The following technical statement plays an important role in studying Green functions relevant to our considerations.

Lemma 2.3

Let G and M be defined by (2.1) and (2.2), respectively.

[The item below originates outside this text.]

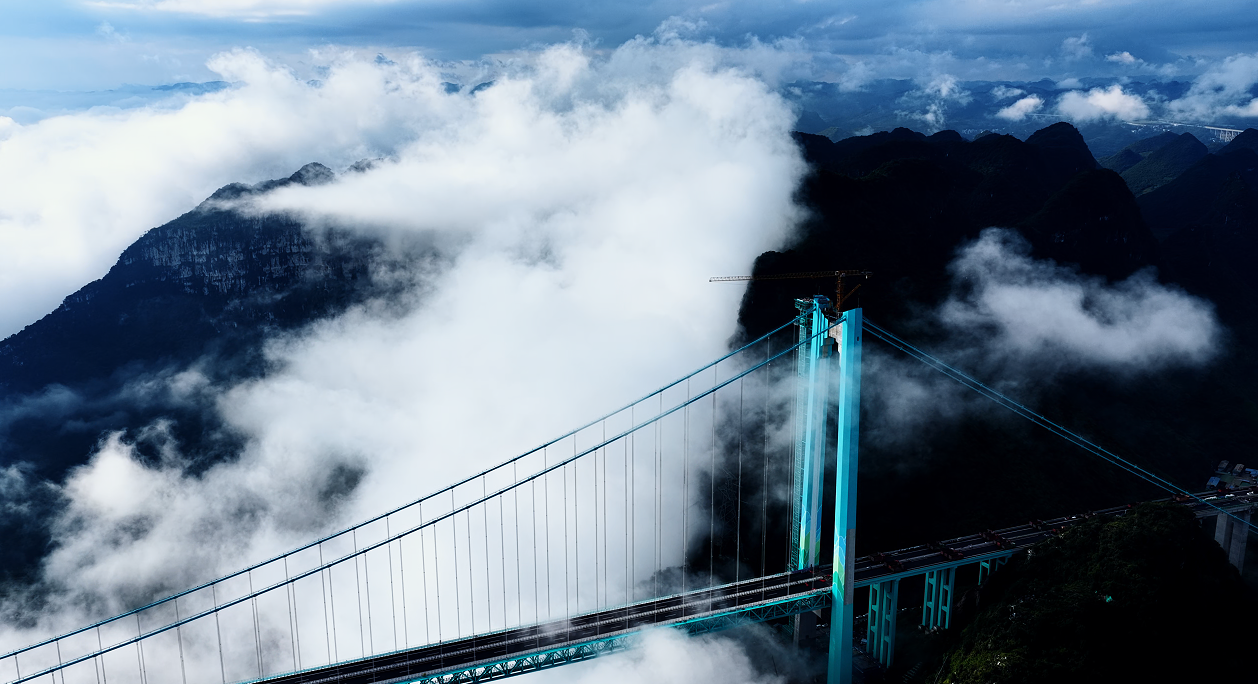 一座桥破坏了空气并进入绘画！ Huajiang Canyon Br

If \(a \Gamma (\beta )\xi ^{\frac{\beta -1}{2}}< \Gamma (\frac{\beta +1}{2})\) and \(b^{p-1}\eta ^{\alpha -1}<1\), then:

(a) \(G, M \in C([0,1]\times [0,1])\);

(b) \(G(t,z)>0\), \(M(t,z)>0\) for all \(t,z\in (0,1)\);

(c) there exist two positive functions \(\mu ,\nu \in C((0,1),(0,+\infty ))\) such that, for all \(z \in (0,1)\), one has

$$ \mu (z) \geq \max_{0\leq t\leq 1}G(t,z), \qquad \nu (z) \geq \max _{0\leq t\leq 1}M(t,z). $$

Proof

(i) This statement follows immediately from (2.1) and (2.2).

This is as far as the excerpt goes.